I’ve not been all that public about my new position at Columbia College Chicago. Fifty years ago, people would have called it radio silence. But in this age of the always-on newsfeed this silence merits little note. Except my own. Because the silence has been mine. And hopefully, now it’s over. Moving is complicated. So is a new job. And a new city. And saying goodbye to friends. And a slew of garden-variety complications exacerbated by any move. Needless to say, I’m somewhat settled again.
And the first thing I want to say is that I’m incredibly proud and thankful to be working at Columbia College Chicago (which I’ll now refer to as CCC). So far, the students have been a revelation. Most coming from a lower-middle class background with a career-focuses embedded somewhere within the arts or arts-supporting-professions. I’ve got dancers, radio producers, set designers, fashion majors, music agency, etc. A solid percentage of my students’ experience of academic environments is that of the outsider with plenty of brains and ambition, but little correspondence between their own investments/preoccupations and the most standard academic focuses of high schools and larger academic institutions. To some degree–and I’ll admit I’m a newbie just trying to get a foothold–I get the sense that this is a place that attracts academic “outsiders.” But of a relatively specific sort. Not the sort who arrive at an institution ill-prepared to dive-in to the rigors of a traditional four-year university. And not the sort who lack the focus to succeed. Rather, I’m getting the sense that most of my students are young men and women who’ve finally found a place that has institutionalized and certified the professionalization and career tracks in which they are interested.
It’s basically a large, urban college for creatives. Smart, motivated, and surprising students. To some extent, I can’t believe how lucky I am.
As an undergraduate, I majored in Architecture for a year, ended up only a credit short for a studio-arts minor, and majored in English Literature. My master’s degree is in Creative Writing with an emphasis in poetry. And after graduate school, I spent four-years as a full-time potter. The fine arts have always been a part of my life, and that background provides me with a wealth of knowledge–and surprising street cred–with these students. It’s something I’ve not experienced before.
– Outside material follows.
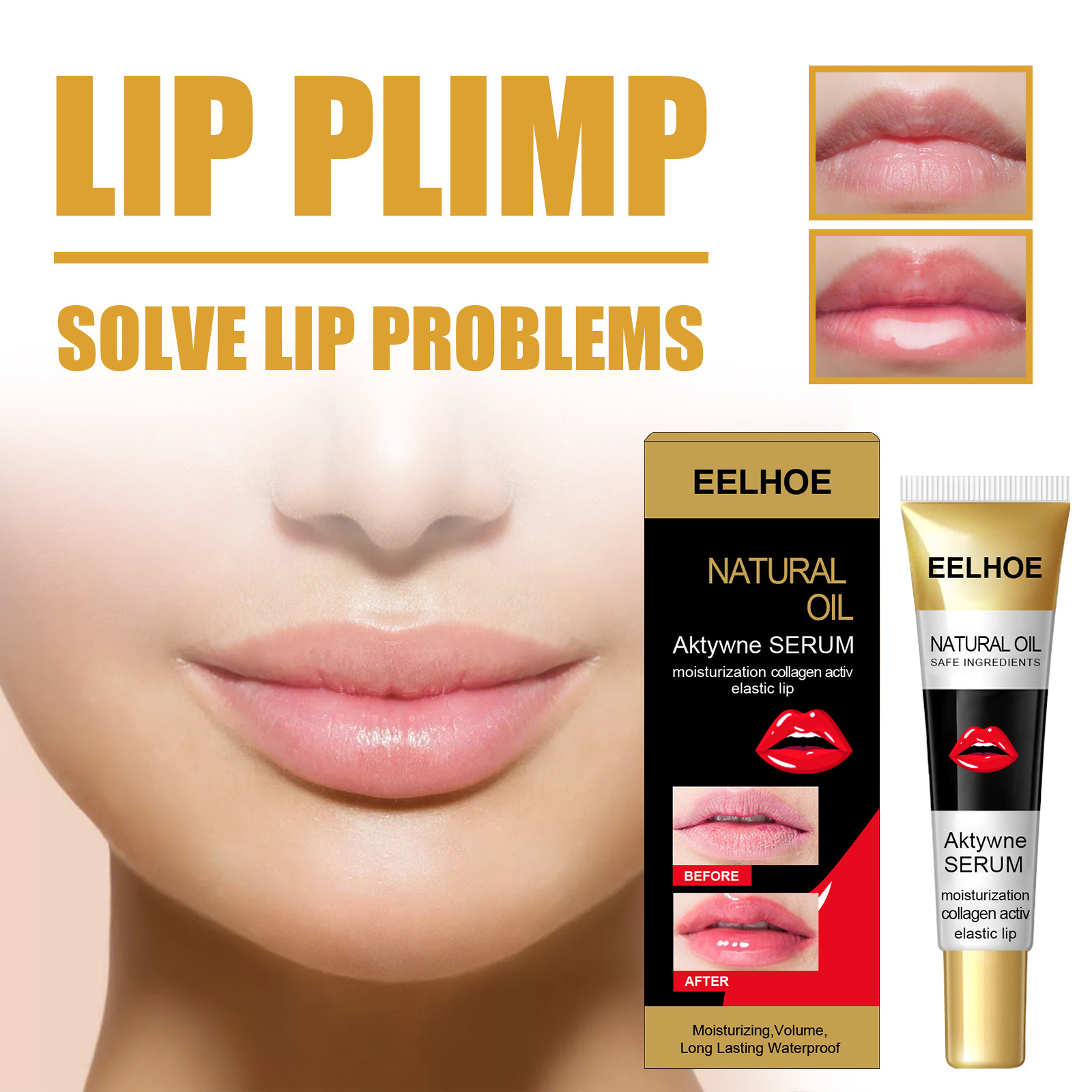 EELHOE Anti Lip Line Scrub Cream peelt, verblasst Linien, pflegt Lippenstift, spendet Feuchtigkeit und entfernt Lippenöl_voghion.com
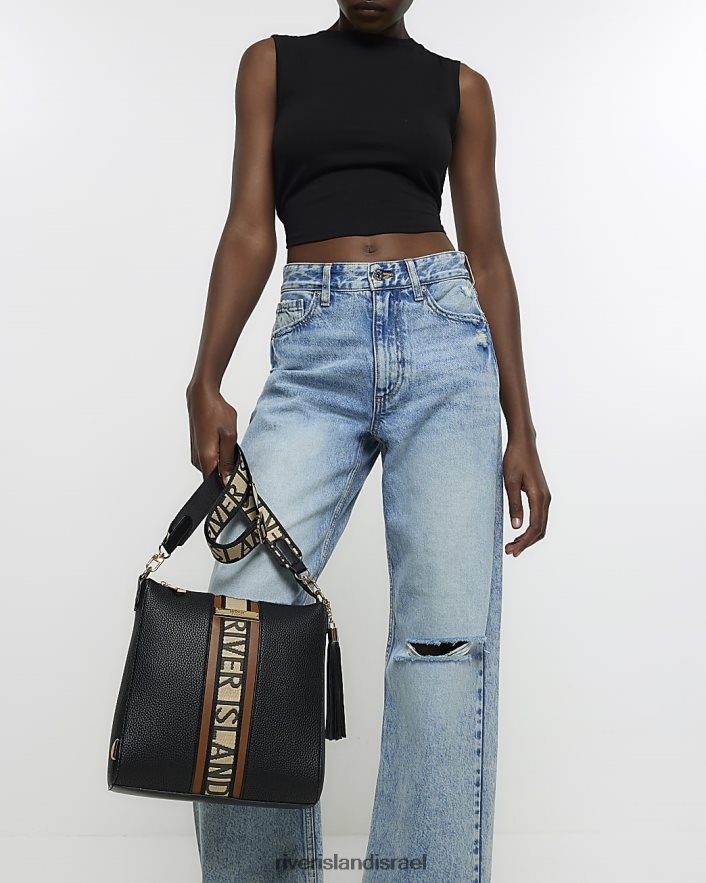 אביזרים River Island תיק שליח ri שָׁחוֹר נשים BDZ4084517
While I’m here, I’m going to be making some major changes to my teaching practices. Not at all re-inventing myself. Rather, I now feel I have the freedom (from the administration) and the trust (of my colleagues and students) to push the limits of this particular institution in terms of digital writing practices in the first-year composition classroom. My first-semester course students will be producing both audio-projects and audio-visual digital projects. The texts we’ll be “reading” will encompass audio texts, online video, blogs, and selections from longer graphic texts.
I’ll soon be posting my course website for anyone who’s interested. Thanks for stopping by.